In Ramadan, all Uighur students are monitored by the school management and asked to prove that they’re not fasting. If they dare to fast, they are sent to detention centres that Chinese officials call “re-education camps” for “assimilation”, or “hard learning”.

In fact, an estimated 1 million to 2 million Muslims, mainly Uighurs, are being held in mass concentration camps in China today. 

Almost every Uighur family will have at least one of its members taken into the camps at one point. Former detainees have described being tortured and forced into falsely confessing that they are extremists. 

While China brands the camps “vocational centres'' in which Muslims are “taught” a profession, reports say detainees live in crowded cells and are subjected to a daily regimen of party indoctrination, which led to some suicides. Former detainees also say they were forced to eat port and drink alcohol.

Watched and violated at every turn

What Chinese officials call a “health check” is actually one of the strongest tools of surveillance. All Muslims in East Turkistan are asked to provide blood samples and biometric data, including DNA, fingerprints, voice recordings and face scans.

It is very common for Uighurs to be taken into the detention camps after these health checks.

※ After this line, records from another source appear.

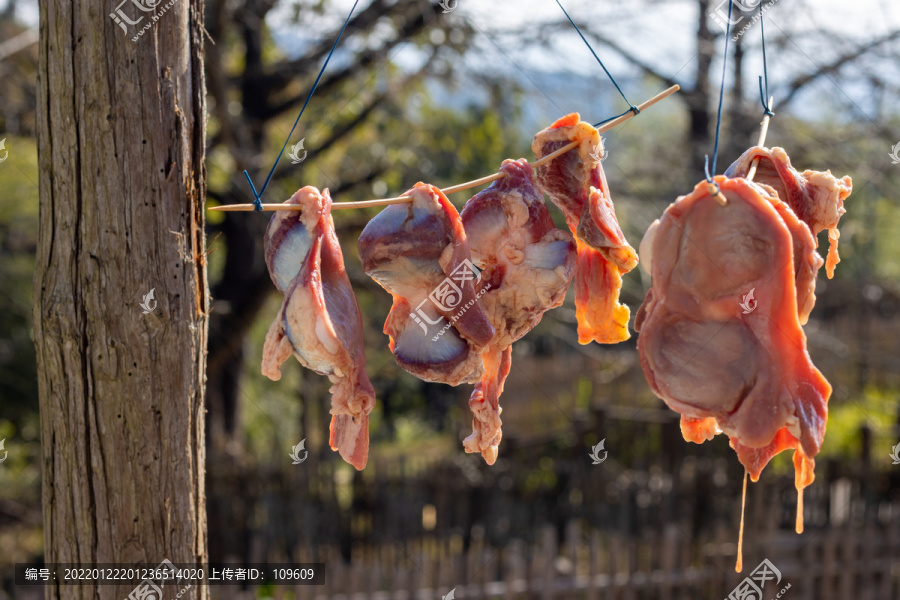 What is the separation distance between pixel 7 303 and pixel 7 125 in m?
5.23

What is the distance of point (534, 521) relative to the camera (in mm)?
8234

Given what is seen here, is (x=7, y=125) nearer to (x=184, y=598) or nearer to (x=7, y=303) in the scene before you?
(x=7, y=303)

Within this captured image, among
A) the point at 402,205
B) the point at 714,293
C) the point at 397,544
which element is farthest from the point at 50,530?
the point at 397,544

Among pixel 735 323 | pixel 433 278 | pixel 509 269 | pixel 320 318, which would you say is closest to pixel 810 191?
pixel 735 323

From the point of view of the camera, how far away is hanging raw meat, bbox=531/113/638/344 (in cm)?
229

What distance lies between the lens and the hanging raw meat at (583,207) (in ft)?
7.50

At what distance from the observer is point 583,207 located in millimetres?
2234

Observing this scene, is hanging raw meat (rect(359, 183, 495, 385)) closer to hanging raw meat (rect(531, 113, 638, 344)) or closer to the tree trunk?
hanging raw meat (rect(531, 113, 638, 344))

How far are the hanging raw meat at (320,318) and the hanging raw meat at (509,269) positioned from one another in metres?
0.37

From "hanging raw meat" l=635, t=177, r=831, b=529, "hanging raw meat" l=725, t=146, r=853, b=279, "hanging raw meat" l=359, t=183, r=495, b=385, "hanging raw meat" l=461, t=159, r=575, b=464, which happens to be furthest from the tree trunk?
"hanging raw meat" l=725, t=146, r=853, b=279

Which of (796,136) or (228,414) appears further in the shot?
(228,414)

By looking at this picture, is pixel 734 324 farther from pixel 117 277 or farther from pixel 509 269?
pixel 117 277

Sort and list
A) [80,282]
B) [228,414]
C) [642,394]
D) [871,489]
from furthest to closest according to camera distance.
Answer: [642,394]
[228,414]
[871,489]
[80,282]

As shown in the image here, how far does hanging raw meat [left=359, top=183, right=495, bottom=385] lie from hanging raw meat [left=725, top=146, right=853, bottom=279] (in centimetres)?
88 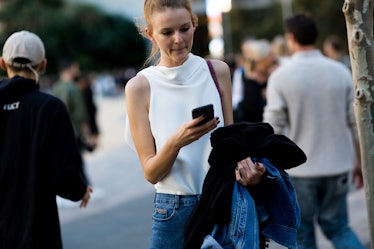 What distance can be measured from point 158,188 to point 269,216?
1.77 ft

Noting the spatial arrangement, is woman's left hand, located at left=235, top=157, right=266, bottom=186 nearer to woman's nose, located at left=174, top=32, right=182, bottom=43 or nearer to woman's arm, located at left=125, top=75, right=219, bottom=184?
woman's arm, located at left=125, top=75, right=219, bottom=184

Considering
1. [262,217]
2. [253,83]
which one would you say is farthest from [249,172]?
[253,83]

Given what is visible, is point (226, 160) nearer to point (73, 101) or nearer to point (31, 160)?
point (31, 160)

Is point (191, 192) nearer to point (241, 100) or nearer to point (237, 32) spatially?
point (241, 100)

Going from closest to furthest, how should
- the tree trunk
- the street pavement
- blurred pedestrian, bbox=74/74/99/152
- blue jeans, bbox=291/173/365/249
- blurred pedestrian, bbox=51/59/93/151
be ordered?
1. the tree trunk
2. blue jeans, bbox=291/173/365/249
3. the street pavement
4. blurred pedestrian, bbox=51/59/93/151
5. blurred pedestrian, bbox=74/74/99/152

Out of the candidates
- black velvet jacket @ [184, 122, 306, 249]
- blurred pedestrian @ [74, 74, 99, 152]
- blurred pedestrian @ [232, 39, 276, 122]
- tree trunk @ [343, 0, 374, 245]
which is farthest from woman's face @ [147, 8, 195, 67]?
blurred pedestrian @ [74, 74, 99, 152]

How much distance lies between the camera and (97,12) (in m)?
68.8

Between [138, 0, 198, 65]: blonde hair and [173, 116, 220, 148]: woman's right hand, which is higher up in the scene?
[138, 0, 198, 65]: blonde hair

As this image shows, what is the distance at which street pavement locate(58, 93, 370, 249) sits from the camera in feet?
25.4

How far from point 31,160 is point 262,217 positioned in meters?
1.63

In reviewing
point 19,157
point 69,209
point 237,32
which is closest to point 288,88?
point 19,157

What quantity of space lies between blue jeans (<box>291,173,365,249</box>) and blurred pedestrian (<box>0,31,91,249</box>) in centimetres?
179

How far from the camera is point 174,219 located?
3221 mm

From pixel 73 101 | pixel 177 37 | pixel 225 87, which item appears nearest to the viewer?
pixel 177 37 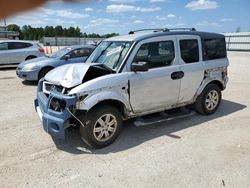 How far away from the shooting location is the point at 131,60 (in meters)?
4.49

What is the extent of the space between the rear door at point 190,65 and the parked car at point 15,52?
10025mm

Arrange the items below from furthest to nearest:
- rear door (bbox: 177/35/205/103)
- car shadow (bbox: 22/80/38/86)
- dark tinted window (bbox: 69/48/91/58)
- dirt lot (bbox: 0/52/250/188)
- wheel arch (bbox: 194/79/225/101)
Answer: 1. dark tinted window (bbox: 69/48/91/58)
2. car shadow (bbox: 22/80/38/86)
3. wheel arch (bbox: 194/79/225/101)
4. rear door (bbox: 177/35/205/103)
5. dirt lot (bbox: 0/52/250/188)

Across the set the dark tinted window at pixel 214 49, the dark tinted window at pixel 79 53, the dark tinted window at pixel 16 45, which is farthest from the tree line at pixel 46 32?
the dark tinted window at pixel 214 49

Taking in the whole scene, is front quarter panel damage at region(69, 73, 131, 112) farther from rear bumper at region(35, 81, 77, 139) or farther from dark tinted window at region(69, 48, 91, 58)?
dark tinted window at region(69, 48, 91, 58)

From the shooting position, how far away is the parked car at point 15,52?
13.2 metres

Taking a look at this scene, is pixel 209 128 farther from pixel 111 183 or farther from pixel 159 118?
pixel 111 183

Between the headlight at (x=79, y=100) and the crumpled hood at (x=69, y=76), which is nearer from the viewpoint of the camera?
the headlight at (x=79, y=100)

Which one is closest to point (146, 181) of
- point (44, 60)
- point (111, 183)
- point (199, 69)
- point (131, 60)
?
point (111, 183)

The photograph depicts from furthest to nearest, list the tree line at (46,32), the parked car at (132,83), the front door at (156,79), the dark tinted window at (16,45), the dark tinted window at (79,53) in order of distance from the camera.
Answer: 1. the tree line at (46,32)
2. the dark tinted window at (16,45)
3. the dark tinted window at (79,53)
4. the front door at (156,79)
5. the parked car at (132,83)

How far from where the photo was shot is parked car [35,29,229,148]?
3.95 m

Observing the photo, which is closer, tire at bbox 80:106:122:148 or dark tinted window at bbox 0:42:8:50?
tire at bbox 80:106:122:148

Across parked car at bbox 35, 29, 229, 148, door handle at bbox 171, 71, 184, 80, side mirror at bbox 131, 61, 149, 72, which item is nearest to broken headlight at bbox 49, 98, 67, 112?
parked car at bbox 35, 29, 229, 148

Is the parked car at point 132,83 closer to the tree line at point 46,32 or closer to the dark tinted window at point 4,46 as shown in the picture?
the dark tinted window at point 4,46

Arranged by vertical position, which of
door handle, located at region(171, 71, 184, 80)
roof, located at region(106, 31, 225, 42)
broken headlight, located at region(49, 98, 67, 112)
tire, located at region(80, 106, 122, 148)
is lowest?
tire, located at region(80, 106, 122, 148) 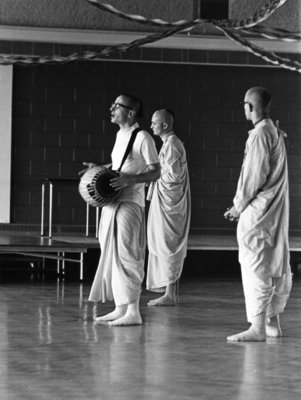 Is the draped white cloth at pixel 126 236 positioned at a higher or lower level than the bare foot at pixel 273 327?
higher

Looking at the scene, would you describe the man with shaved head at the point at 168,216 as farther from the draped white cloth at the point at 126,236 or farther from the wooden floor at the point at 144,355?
the draped white cloth at the point at 126,236

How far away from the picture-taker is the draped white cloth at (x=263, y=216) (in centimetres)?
704

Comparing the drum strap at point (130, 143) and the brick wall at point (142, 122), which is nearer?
the drum strap at point (130, 143)

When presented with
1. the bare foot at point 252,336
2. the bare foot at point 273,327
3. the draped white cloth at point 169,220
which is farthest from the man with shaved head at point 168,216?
the bare foot at point 252,336

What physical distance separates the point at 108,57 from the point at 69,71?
0.60 metres

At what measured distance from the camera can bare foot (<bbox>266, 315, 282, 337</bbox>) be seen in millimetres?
7359

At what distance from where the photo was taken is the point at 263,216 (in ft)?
23.2

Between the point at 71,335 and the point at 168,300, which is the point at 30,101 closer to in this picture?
the point at 168,300

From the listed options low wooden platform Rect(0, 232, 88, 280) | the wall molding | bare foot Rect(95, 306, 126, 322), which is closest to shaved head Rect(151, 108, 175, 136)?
bare foot Rect(95, 306, 126, 322)

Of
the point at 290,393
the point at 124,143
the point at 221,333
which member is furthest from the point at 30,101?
the point at 290,393

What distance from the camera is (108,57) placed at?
14.3 metres

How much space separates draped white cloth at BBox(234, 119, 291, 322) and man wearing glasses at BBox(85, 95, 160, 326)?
1024 millimetres

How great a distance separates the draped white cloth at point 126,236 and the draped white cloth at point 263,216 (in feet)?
3.43

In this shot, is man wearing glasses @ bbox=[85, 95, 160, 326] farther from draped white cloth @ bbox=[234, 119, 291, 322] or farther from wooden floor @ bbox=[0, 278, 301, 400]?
draped white cloth @ bbox=[234, 119, 291, 322] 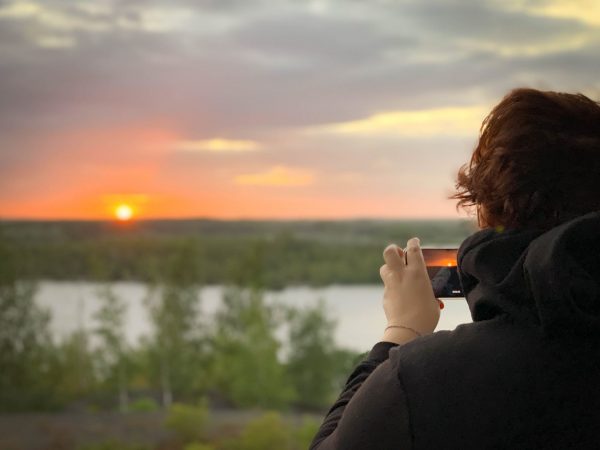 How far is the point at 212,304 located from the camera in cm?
277

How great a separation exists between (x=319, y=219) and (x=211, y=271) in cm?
40

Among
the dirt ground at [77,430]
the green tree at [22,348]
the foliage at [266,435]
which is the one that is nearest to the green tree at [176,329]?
the dirt ground at [77,430]

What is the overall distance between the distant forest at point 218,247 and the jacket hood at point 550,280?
6.17 ft

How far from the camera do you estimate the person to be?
0.74 meters

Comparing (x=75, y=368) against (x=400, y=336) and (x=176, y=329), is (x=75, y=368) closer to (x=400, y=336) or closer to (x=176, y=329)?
(x=176, y=329)

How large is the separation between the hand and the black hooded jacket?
129 mm

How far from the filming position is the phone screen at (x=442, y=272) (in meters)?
1.02

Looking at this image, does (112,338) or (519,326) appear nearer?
(519,326)

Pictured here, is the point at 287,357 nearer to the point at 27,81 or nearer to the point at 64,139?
the point at 64,139

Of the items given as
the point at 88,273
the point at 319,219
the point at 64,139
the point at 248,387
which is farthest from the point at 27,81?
the point at 248,387

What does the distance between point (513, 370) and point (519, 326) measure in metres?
0.04

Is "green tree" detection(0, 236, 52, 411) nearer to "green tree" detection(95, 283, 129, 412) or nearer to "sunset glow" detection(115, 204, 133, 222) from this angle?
"green tree" detection(95, 283, 129, 412)

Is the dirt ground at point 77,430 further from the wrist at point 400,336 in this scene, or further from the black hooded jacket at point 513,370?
the black hooded jacket at point 513,370

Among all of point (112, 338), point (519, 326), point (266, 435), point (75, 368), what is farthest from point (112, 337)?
point (519, 326) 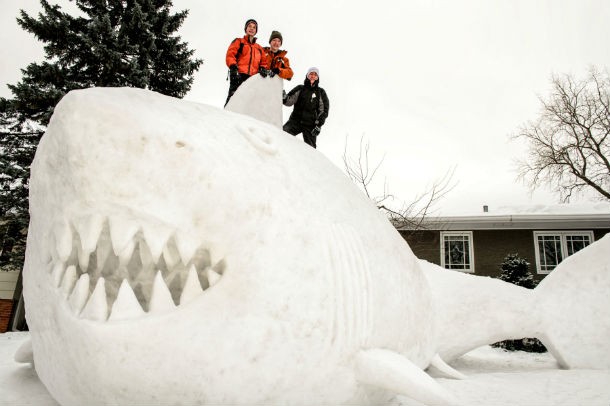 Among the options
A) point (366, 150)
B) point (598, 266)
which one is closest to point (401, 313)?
point (598, 266)

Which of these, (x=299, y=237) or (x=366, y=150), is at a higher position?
(x=366, y=150)

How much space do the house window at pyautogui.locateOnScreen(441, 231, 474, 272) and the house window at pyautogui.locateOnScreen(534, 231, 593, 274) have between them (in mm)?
2416

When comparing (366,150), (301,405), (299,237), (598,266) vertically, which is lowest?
(301,405)

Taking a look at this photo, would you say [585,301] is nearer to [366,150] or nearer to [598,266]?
[598,266]

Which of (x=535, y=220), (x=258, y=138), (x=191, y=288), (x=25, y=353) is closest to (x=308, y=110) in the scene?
(x=258, y=138)

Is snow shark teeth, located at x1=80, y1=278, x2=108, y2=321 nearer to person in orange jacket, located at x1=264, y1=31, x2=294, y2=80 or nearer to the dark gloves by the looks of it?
person in orange jacket, located at x1=264, y1=31, x2=294, y2=80

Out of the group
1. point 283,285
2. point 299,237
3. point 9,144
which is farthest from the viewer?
point 9,144

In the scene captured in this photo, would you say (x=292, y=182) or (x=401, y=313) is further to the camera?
(x=401, y=313)

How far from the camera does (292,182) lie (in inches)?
83.2

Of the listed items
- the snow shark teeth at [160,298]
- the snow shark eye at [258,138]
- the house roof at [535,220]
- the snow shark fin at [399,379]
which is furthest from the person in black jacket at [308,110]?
the house roof at [535,220]

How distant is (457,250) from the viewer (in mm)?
16719

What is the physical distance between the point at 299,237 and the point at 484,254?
1609 centimetres

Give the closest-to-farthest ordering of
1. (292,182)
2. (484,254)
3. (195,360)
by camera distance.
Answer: (195,360), (292,182), (484,254)

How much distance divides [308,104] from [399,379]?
4.09m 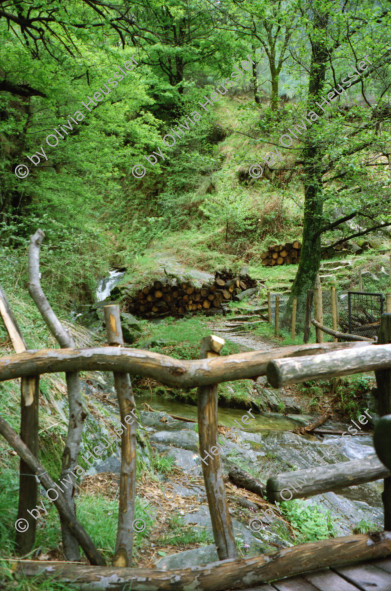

The surveillance also extends to relatives, activists say. Rushan Abbas, a human rights activist for the Uighurs, told NPR that her sister and aunt disappeared the same day in which she spoke about conditions at the camps at the Hudson Institute in Washington, DC last year. She says they were likely sent to the camps.

Uighurs are requested to relinquish their smartphones at checkpoints around the East Turkistan region and many have been arrested for supposedly committing offences on their phones.

More mosques being razed by the day

New research suggests that China has systematically destroyed Islamic sites in the region between 2016 and 2018.

The reports, published on www.bellingcat.com and The Guardian, reported that 31 mosques and two major shrines were either completely or partially destroyed after activists brought the destruction to their attention. 

The Imam Asim shrine, one of the largest in the region, for instance, has only its tomb left. It is impossible for journalists or researchers to conduct a full-scale investigation within the country, but researchers and activists believe that the number of bulldozed religious sites could be thousands more than recorded. 

While mosques are rapidly being destroyed in the region, many Muslims say they fear going to the ones that are left for fear of persecution.